Soit "les hommes ayant des relations sexuelles avec des hommes rapportant des partenaires sexuels multiples, les personnes trans rapportant des partenaires sexuels multiples, les travailleurs du sexe" et "les professionnels exerçant dans les lieux de consommation sexuelle", depuis l'élargissement de la vaccination le 11 juillet. Plus de 6.000 personnes ont déjà reçu cette vaccination préventive, a indiqué le ministre.
Dans le centre de santé municipal Edison, situé près de la place d'Italie (XIIIe arrondissement), seuls des homosexuels ou bisexuels, parfois doublement éligibles en tant que soignants, sont venus se faire administrer une dose initiale mardi après-midi, un mois avant la dose de rappel.
M. Hingray espère des renforts rapides d'effectif et de doses pour arriver à un rythme de croisière de 1.000 vaccinations hebdomadaires à Edison.
- "Des relents de jugement" -
"Bravo! On a tenu trois mois avant l'ouverture d'un centre", lance, sarcastique, Jean-Yves Douineau, "un peu agacé" car "fatigué d'appeler partout depuis une semaine".
Cet habitant du Kremlin-Bicêtre (Val-de-Marne) pense être tout juste guéri de la variole, après avoir été victime d'éruptions cutanées et ne décolère pas contre le manque de réactivité des autorités sanitaires.
"La pandémie est en train d'exploser et cela ne m'étonne pas", dit cet homme de 51 ans en établissant un lien avec l'épidémie du VIH au début des années 1990.
Y compris dans le regard des proches. "Ce n'est pas méchant, j'ai une famille hyper open, mais je sens des relents de jugement, avec les mêmes choses que j'entendais en 1990: +oui, mais si vous vous protégiez...+".
Se protéger, Karim vient pour cela.

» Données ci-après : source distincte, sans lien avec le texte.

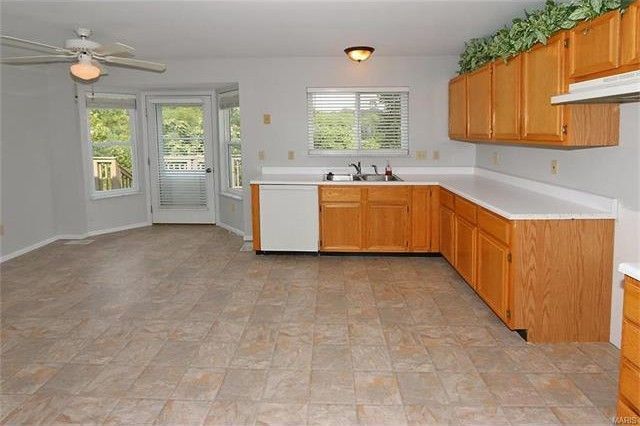 Building Photo - 1542 Glenn Brooke Woods Cir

Ce bisexuel de 44 ans qui fréquente habituellement "les lieux de drague ou les bars gay" dit n'avoir "plus de rapport sexuel depuis un moment à cause de la variole".

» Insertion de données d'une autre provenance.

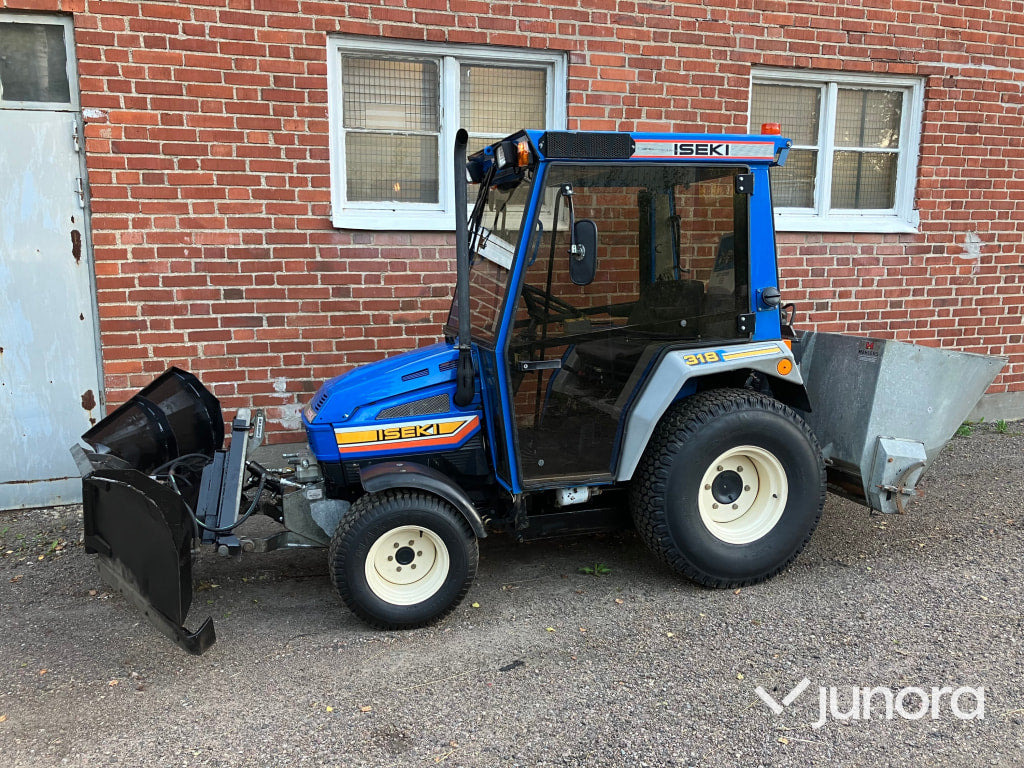 Iseki 318 4wd kompakttrakor - Micro tracteur: photos 3 Iseki 318 4wd kompakttrakor - Micro tracteur: photos 3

Depuis une contamination au Covid-19 fin 2021, Karim n'a pas complètement récupéré le goût. Alors, il se vaccine par "peur des conséquences inesthétiques, des douleurs", mais aussi par celle de transmettre cet autre virus à ses parents ou ses partenaires, "y compris féminins".
Envers ces dernières joue aussi la "peur de la stigmatisation: nous, les bis, avons été accusés de transmettre le VIH aux femmes. Je préfère prendre les devants et éviter les risques."
- Moins de trente ans, insouciants? -
Arnaud, lui, pointe du doigt une différence générationnelle avec les "moins de 30 ans qui se soucient peu de ce genre de choses".
Il est vrai que, dans la salle d'attente, les patients ont en majorité plus de 40 ans.
Parmi les plus jeunes, Alexis, 19 ans, n'a pas changé sa vie sexuelle depuis l'identification fin mai des premiers cas en France. Mais "je m'en inquiète depuis que j'ai vu sur internet à quoi cela ressemblait", dit cet étudiant en école de commerce.
Dix ou quinze minutes d'attente, autant pour s'assurer que le patient se porte bien après l'injection: l'infirmière, Laura Cohen, se félicite d'une "organisation fluide".
Les gens sont "plus renseignés, moins stressés et plus reconnaissants que pour le Covid, l'ambiance est plus apaisée et apaisante", estime cette vacataire.